Editorial : Une BRIC chinoise dans la mare …du FMI

Le G20 de Londres espère rebâtir un système monétaire ruiné et relancer des échanges voués à reculer de 9% cette année, selon P. Lamy, Secrétaire Général de l’OMC – l‘Organisation mondiale du commerce. Or, voilà que le 23 /03), à 12 jours du RV, Pékin sort du rang pour offrir, par la voix de Zhou Xiaochuan, Gouverneur de la Banque centrale, une alternative à l’étalon dollar.

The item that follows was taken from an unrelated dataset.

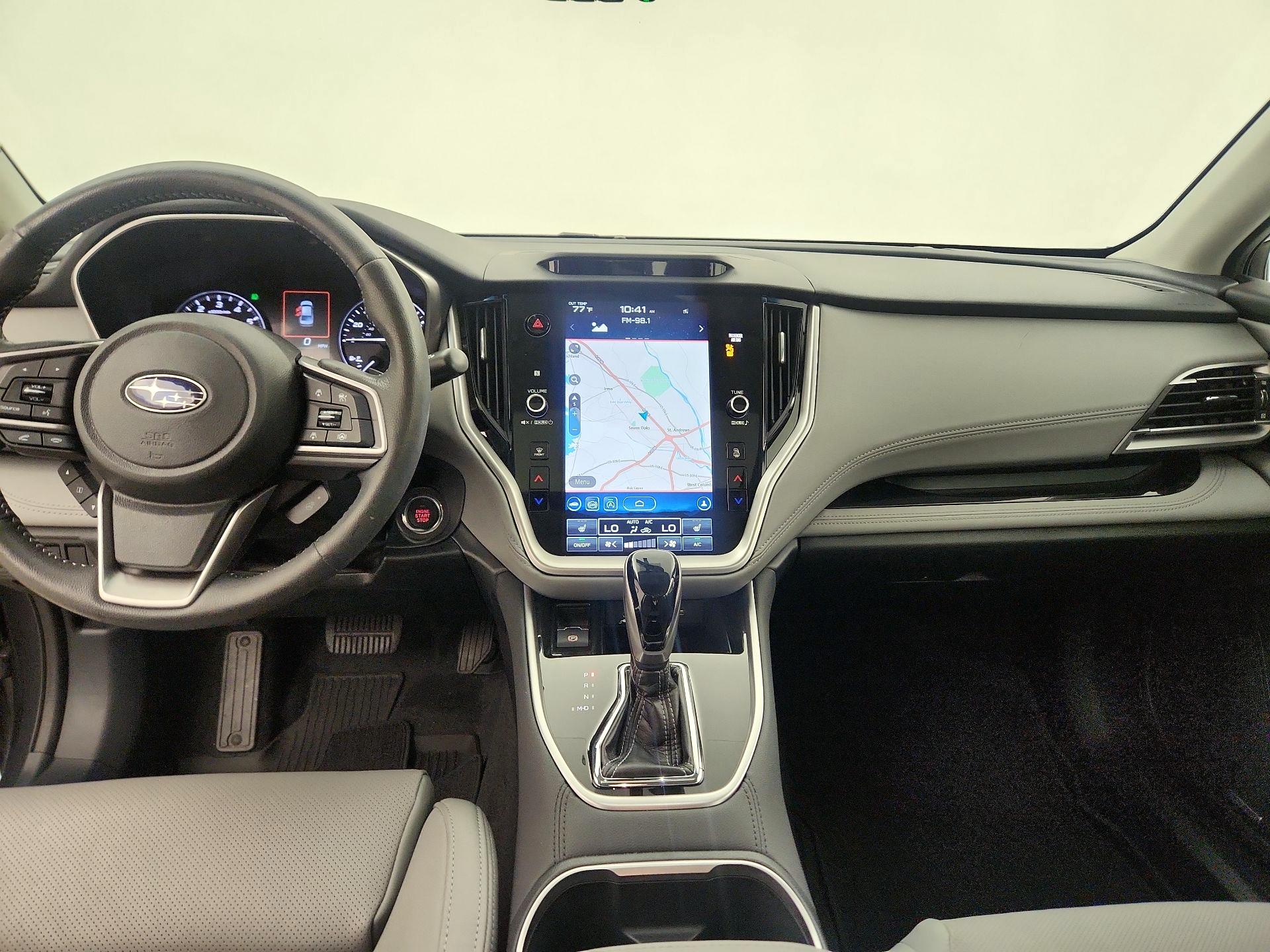 Thumbnail: 2021 Subaru Legacy - 9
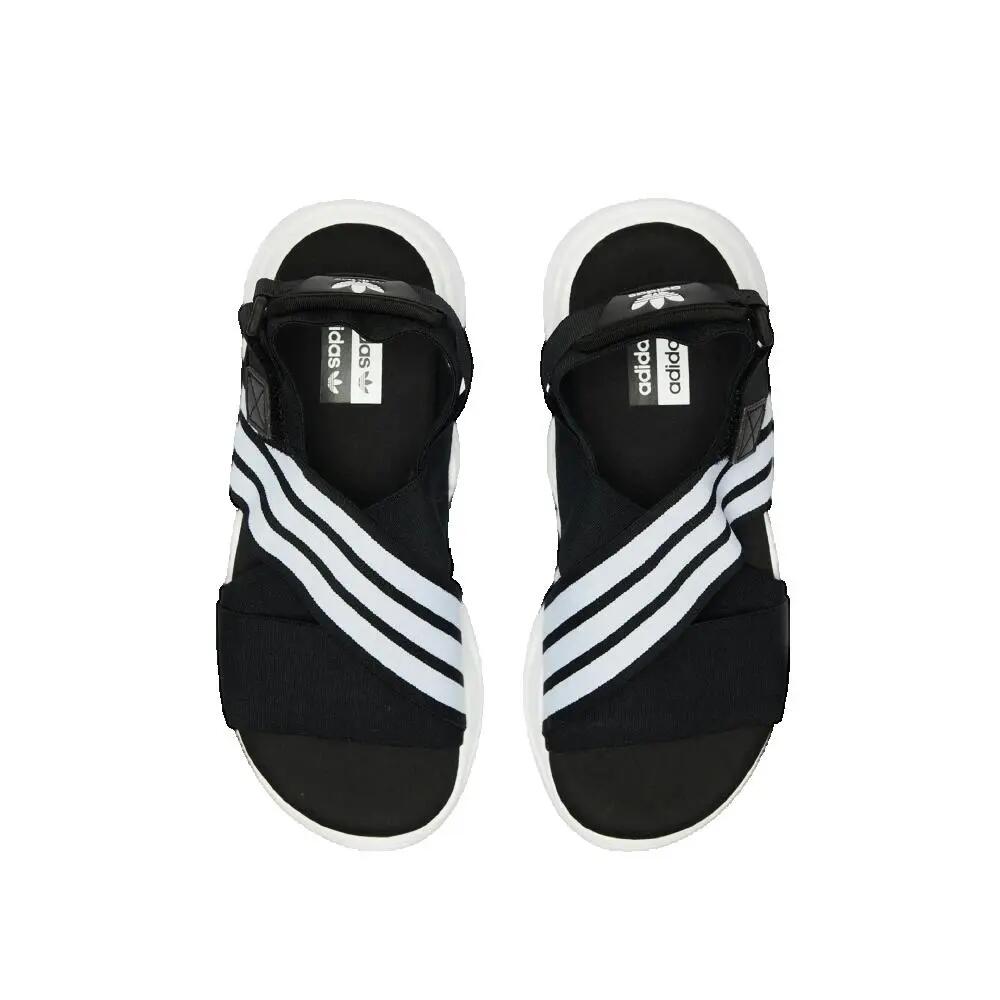 Sandálias Frau Adidas Magmur Schwarz 2/2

1ère urgence : rétablir le crédit, surtout pour le Tiers-Monde. Comme outil, Pékin préfère le Fonds monétaire internationale, le FMI, fief européen, à la très américaine Banque mondiale. Il propose de le recapitaliser en l’autorisant à émettre jusqu’à 550MM$ d’obligations, dont il achèterait une bonne part, une fois son directoire réactualisé pour mieux refléter les voix des pays émergents -la Chine elle-même n’y compte que pour 3,7%, la moitié de ses 7% de PIB mondial.

Le ressort du plan chinois vise à remplacer le US$ par une facilité monétaire du FMI vieille de 40 ans mais quasi-inconnue, le «Droit de Tirages Spéciaux», composé de quatre devises dont ² et US$. Pékin veut qu’un Droit de tirages spéciaux élargi à d’autres grandes devises (Yen, Yuan) soit l’outil de paiement des échanges, des matières 1ères, des titres boursiers. Zhou en attend une meilleure prévention des accidents spéculatifs, et une gestion plus fiable et scientifique des flux monétaires, en supprimant la dépendance des pays envers la devise d’un seul pays, juge et partie, qui s’en serve pour vivre au crédit mondial. Ainsi le FMI deviendrait l’arbitre ou gendarme des flux financiers globaux. Tandis que les règles de ce jeu mondial, propose Zhou, viendraient d’une autre instance (séparation des pouvoirs!) : le Forum de stabilité financière qui, depuis 1999, réunit les instances financières des membres du G7—son élargissement aux pays du G20 est déjà acquis.

En même temps, comme pour «amadouer» les USA, Hu Xiaolian, Présidente de la SAFE (Administration d’Etat des devises étrangères), confirme que le pays poursuivra ses achats de bons du Trésor, dont elle est déjà 1er créancier avec 740MM$ de réserves. Malgré les « soucis » du régime, sur les risques évidents (quasi certains) de dévaluation du dollar à l’avenir. Malgré aussi l’apparente contradiction entre ce renforcement du billet vert, et la proposition d’un système concurrent…

Cependant, face à l’offre chinoise, la réponse américaine ne pouvait être que « non » : un «non» triple en 24h, de Ben Bernanke (patron de la Réserve Fédérale, la FED), Tim Geithner, Secrétaire d’Etat aux finances, et Barak Obama qui la qualifie d’«inutile», au vu de son dollar «extraordinairement fort».

Pékin doit commencer à s’inquiéter d’avoir laissé s’altérer de quatre mois ses rapports avec l’Europe pour cause de Tibet. L’Union face à cette offre, aurait pu être l’allié précieux de son poulain, pour l’instant soutenu uniquement par Moscou, Séoul (mais pas par Tokyo) et Pretoria. D’où le rapprochement pressenti avec Paris (cf. article Rubrique Etranger)

Comme superbement indifférent à cette faiblesse, Zhou reprend la parole (26/03) pour accuser l’Ouest de laxisme velléitaire, dans la lutte contre la crise, et manque de coordination. En même temps, par voie de presse, le régime dépeint l’image peut-être inexacte d’une économie chinoise déjà en pleine remontée (cf article «conjoncture») : tout ceci ressemble à une stratégie cohérente d’appel aux pays émergents, de pari sur la paralysie des puissances traditionnelles (US-UE-Japon), pour passer à cette organisation financière nouvelle, rendue indispensable par l’échec des plans des nations – la Chine prend date.